§ Instructions to follow: In the entries below, begin at the line with "Air Fryer Oven" and stop after the line with "set van 7 rollen inpakpapier 30 cm breed"; output those lines exactly and omit the pictures.

═════ Records provided

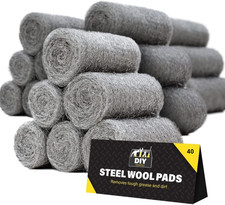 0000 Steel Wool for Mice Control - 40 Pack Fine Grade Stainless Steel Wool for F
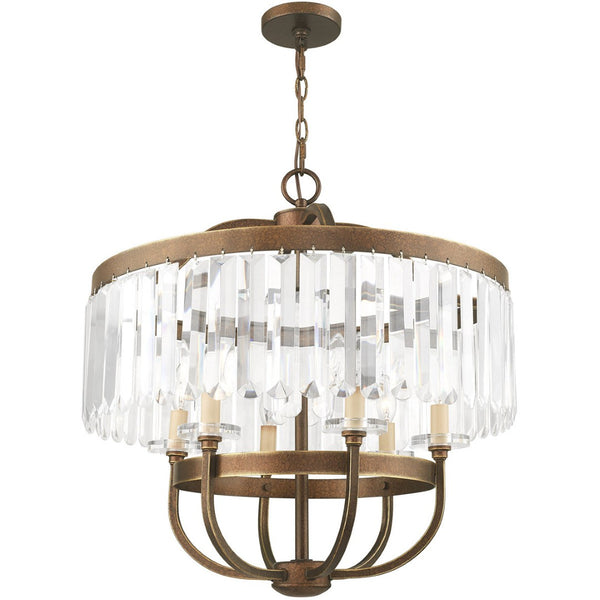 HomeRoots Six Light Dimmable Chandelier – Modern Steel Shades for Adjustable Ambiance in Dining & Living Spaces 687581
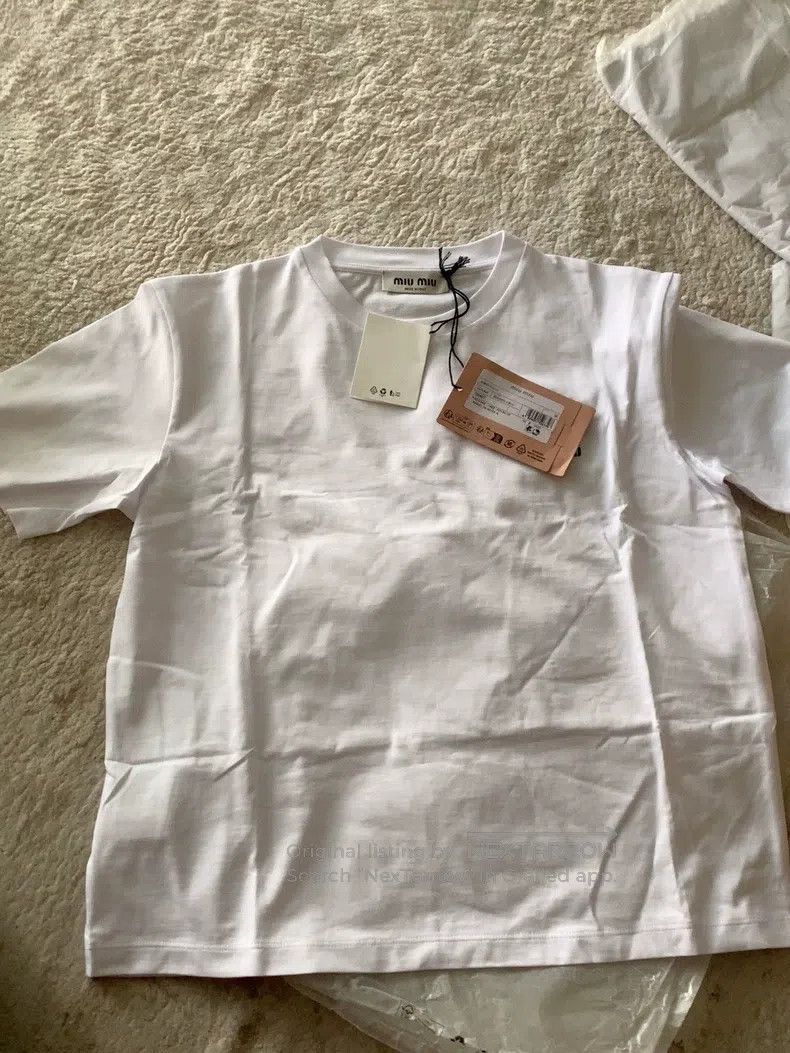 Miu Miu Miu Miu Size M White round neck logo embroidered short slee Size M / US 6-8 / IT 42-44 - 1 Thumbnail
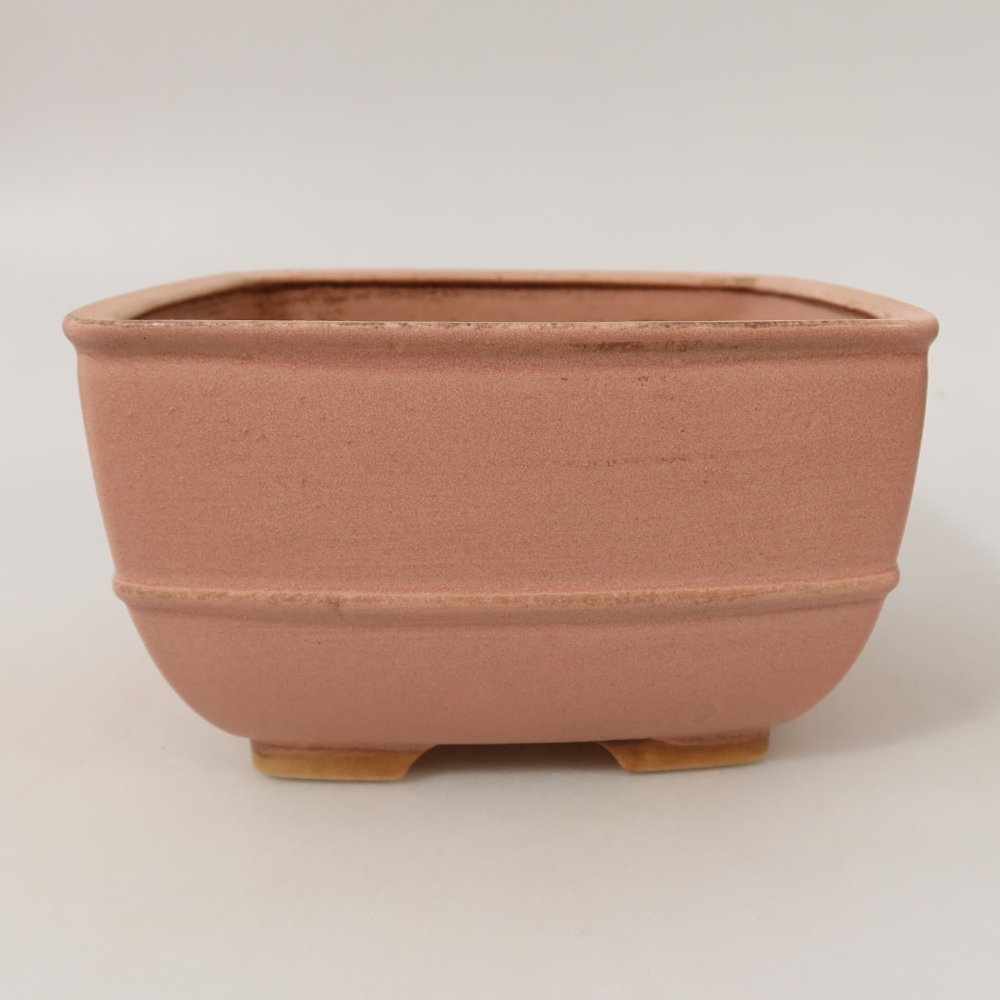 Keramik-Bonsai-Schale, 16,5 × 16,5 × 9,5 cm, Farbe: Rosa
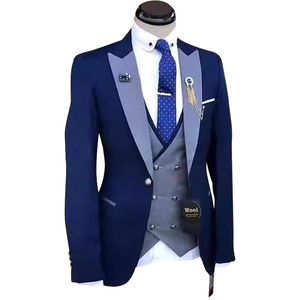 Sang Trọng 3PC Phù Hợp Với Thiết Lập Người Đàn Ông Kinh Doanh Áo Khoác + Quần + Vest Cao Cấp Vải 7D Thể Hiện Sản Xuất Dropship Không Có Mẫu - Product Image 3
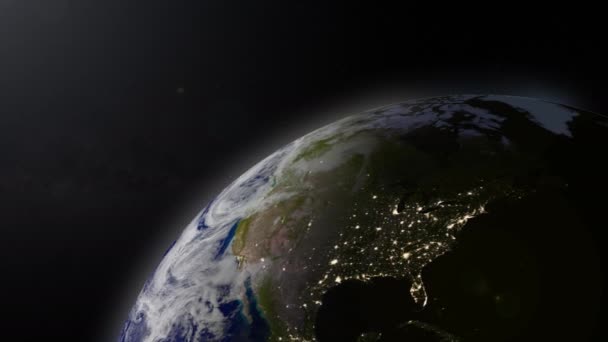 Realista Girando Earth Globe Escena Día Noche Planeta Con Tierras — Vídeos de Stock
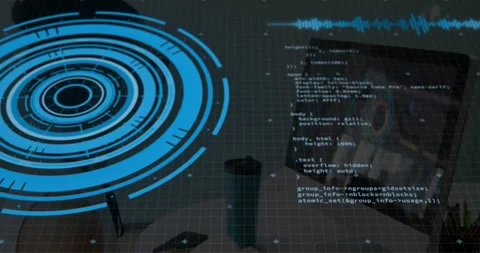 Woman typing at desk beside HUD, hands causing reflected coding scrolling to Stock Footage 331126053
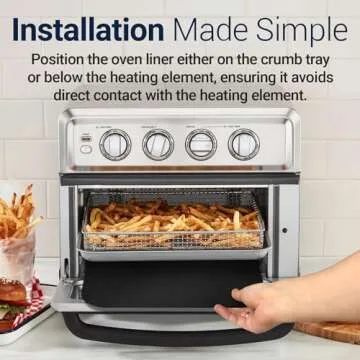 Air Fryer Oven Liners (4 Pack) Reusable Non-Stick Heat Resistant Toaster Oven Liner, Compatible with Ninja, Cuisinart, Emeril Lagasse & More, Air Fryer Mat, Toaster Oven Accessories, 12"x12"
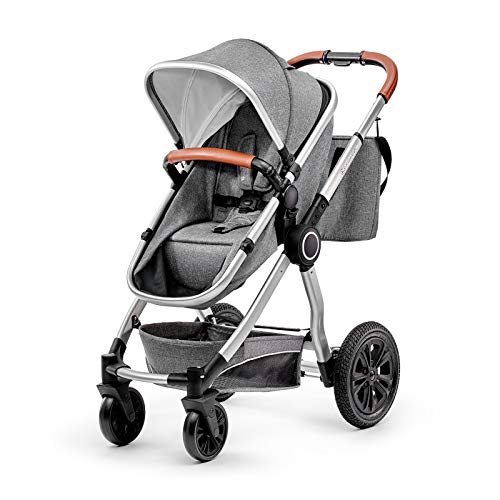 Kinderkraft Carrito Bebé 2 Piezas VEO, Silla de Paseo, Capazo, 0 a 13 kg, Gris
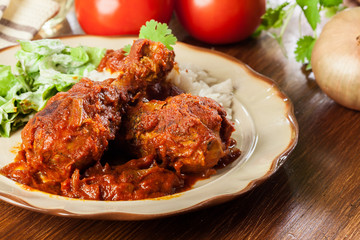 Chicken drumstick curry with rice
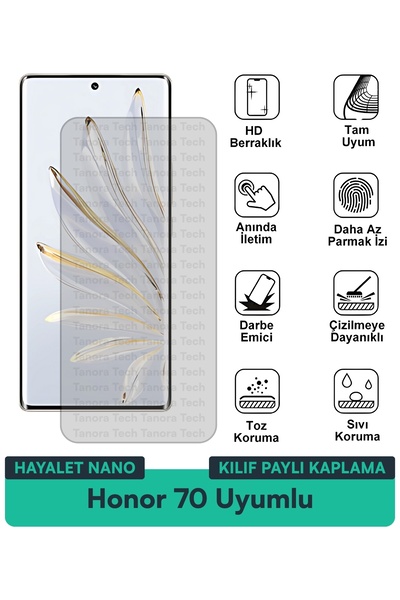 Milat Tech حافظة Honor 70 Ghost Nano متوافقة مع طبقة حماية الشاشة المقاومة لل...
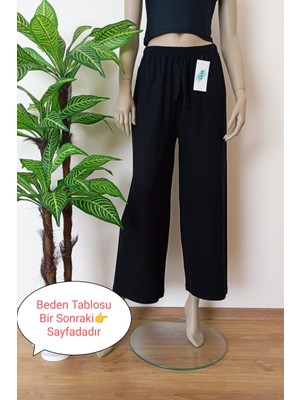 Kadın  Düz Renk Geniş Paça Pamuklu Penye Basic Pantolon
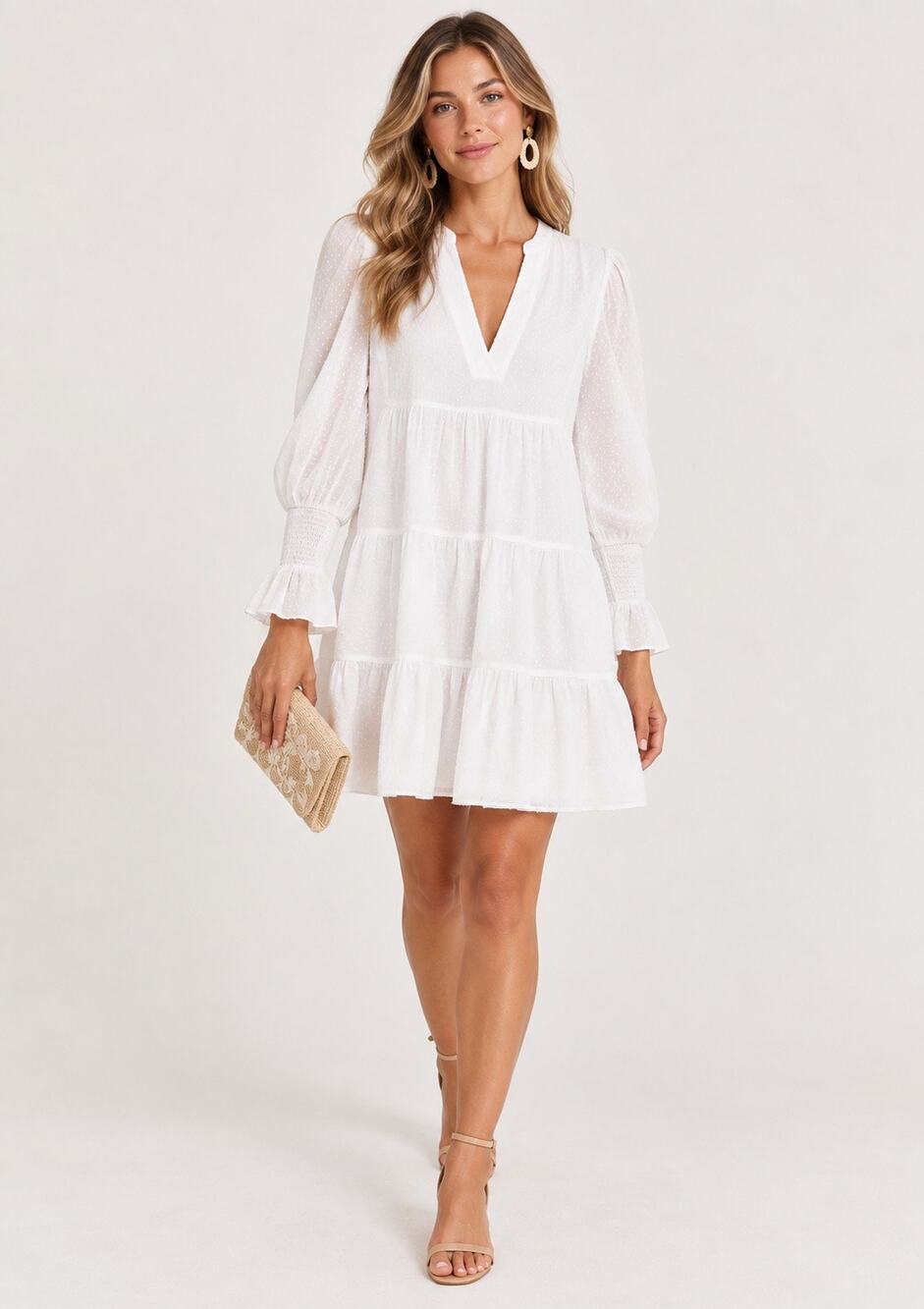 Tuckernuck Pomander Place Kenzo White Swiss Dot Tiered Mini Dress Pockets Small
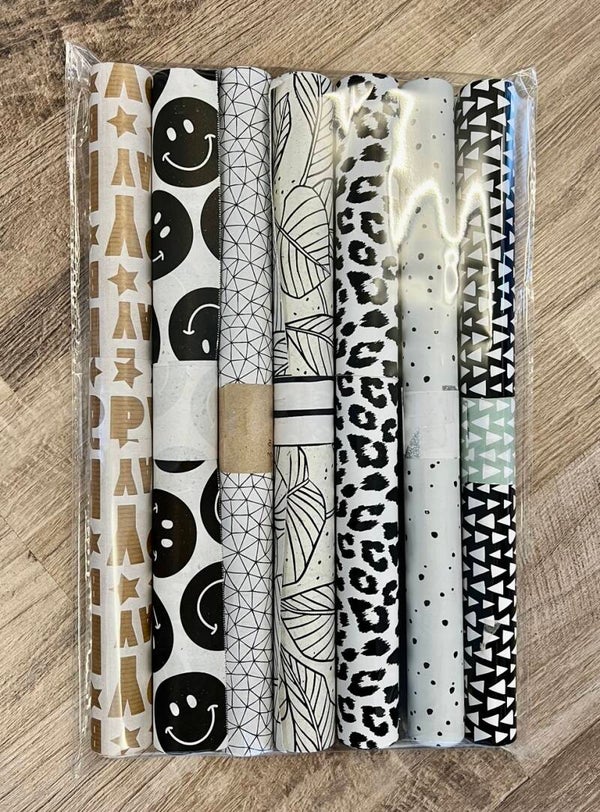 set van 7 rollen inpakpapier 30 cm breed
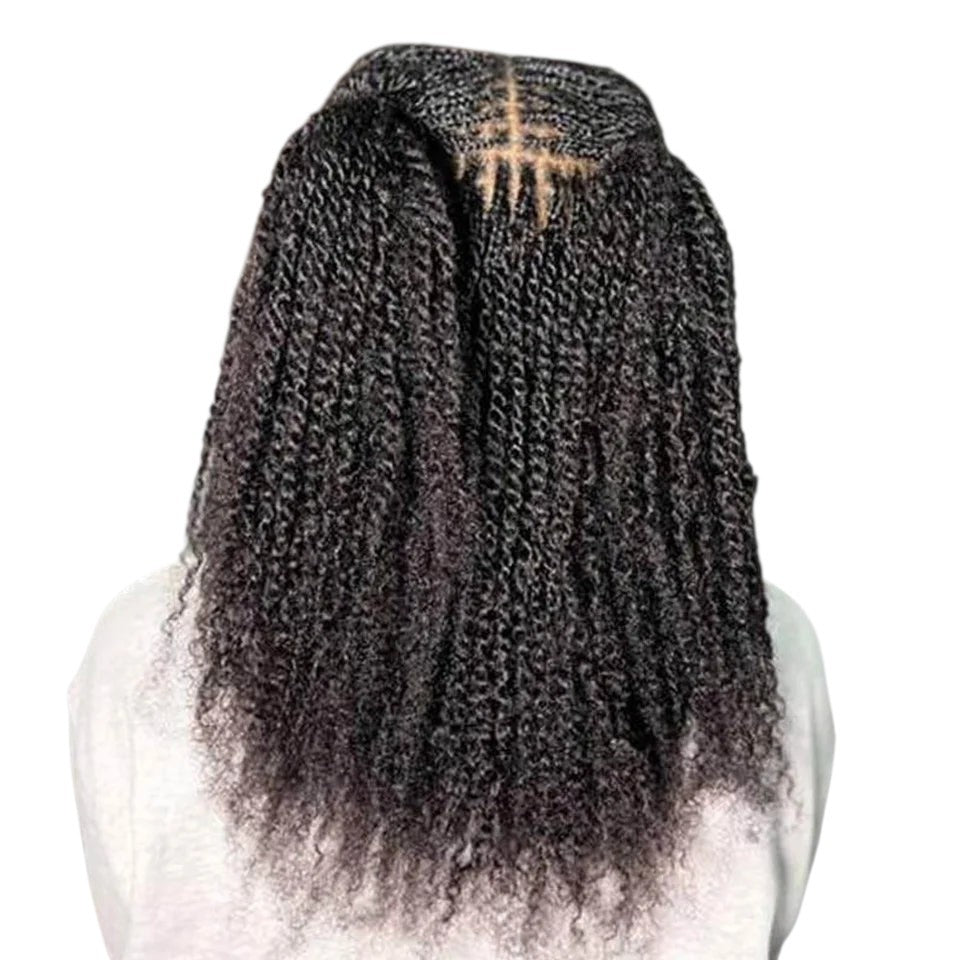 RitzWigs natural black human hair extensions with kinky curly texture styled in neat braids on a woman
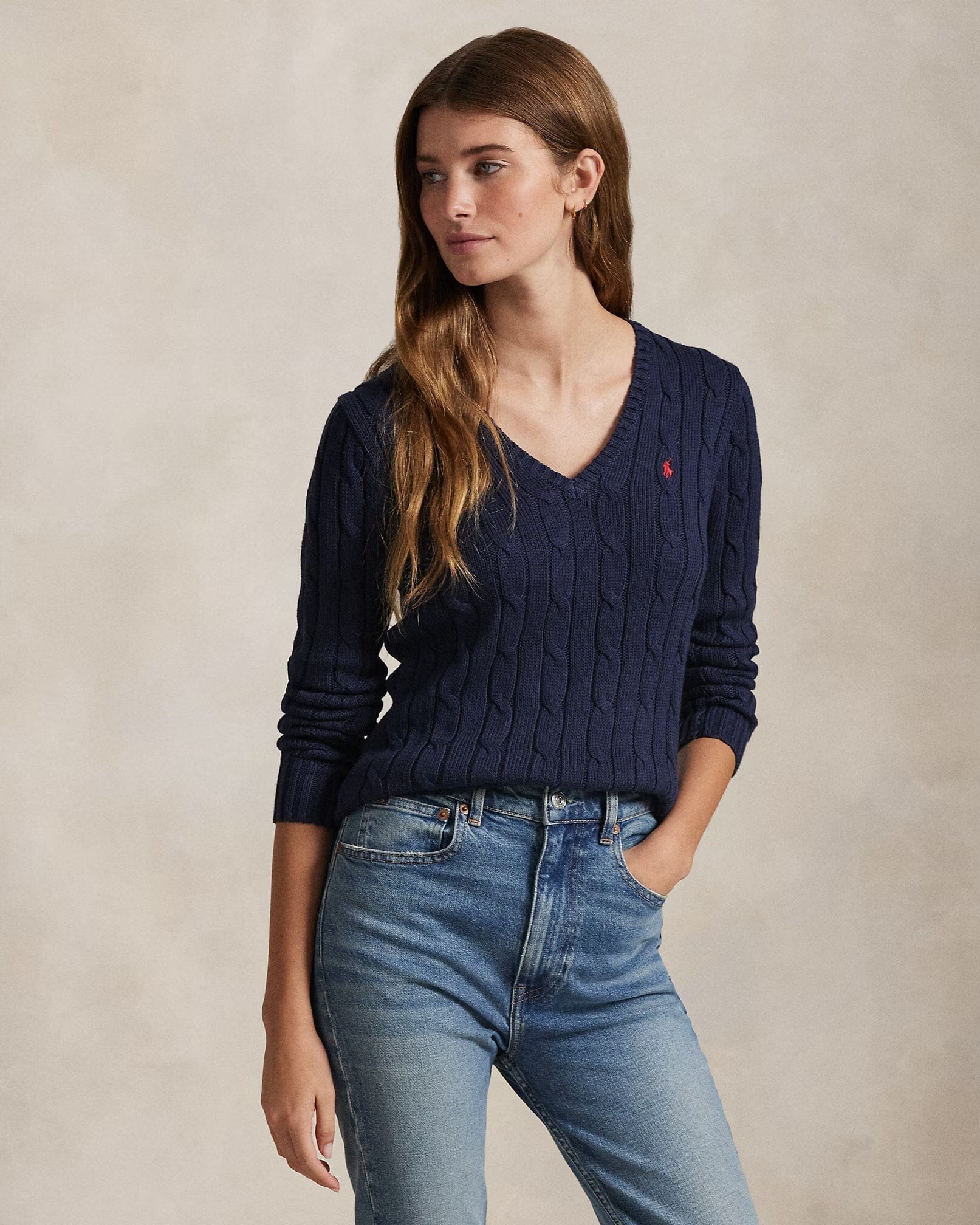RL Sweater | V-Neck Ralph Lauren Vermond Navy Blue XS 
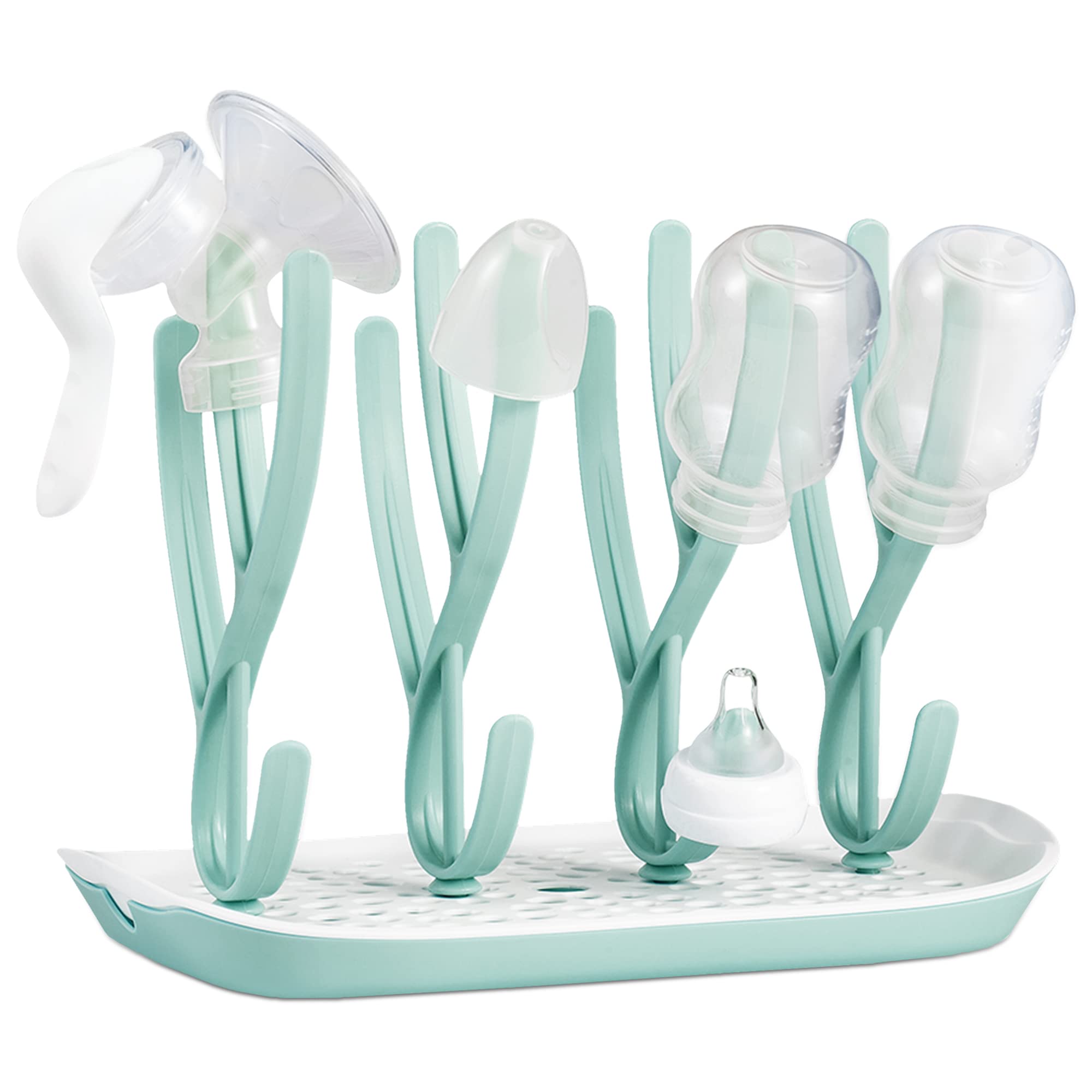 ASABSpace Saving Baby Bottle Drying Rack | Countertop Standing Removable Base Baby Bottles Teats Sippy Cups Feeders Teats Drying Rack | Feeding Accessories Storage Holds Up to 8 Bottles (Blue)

══════════

§ Result:
 Air Fryer Oven Liners (4 Pack) Reusable Non-Stick Heat Resistant Toaster Oven Liner, Compatible with Ninja, Cuisinart, Emeril Lagasse & More, Air Fryer Mat, Toaster Oven Accessories, 12"x12"
 Kinderkraft Carrito Bebé 2 Piezas VEO, Silla de Paseo, Capazo, 0 a 13 kg, Gris
 Chicken drumstick curry with rice
 Milat Tech حافظة Honor 70 Ghost Nano متوافقة مع طبقة حماية الشاشة المقاومة لل...
 Kadın  Düz Renk Geniş Paça Pamuklu Penye Basic Pantolon
 Tuckernuck Pomander Place Kenzo White Swiss Dot Tiered Mini Dress Pockets Small
 set van 7 rollen inpakpapier 30 cm breed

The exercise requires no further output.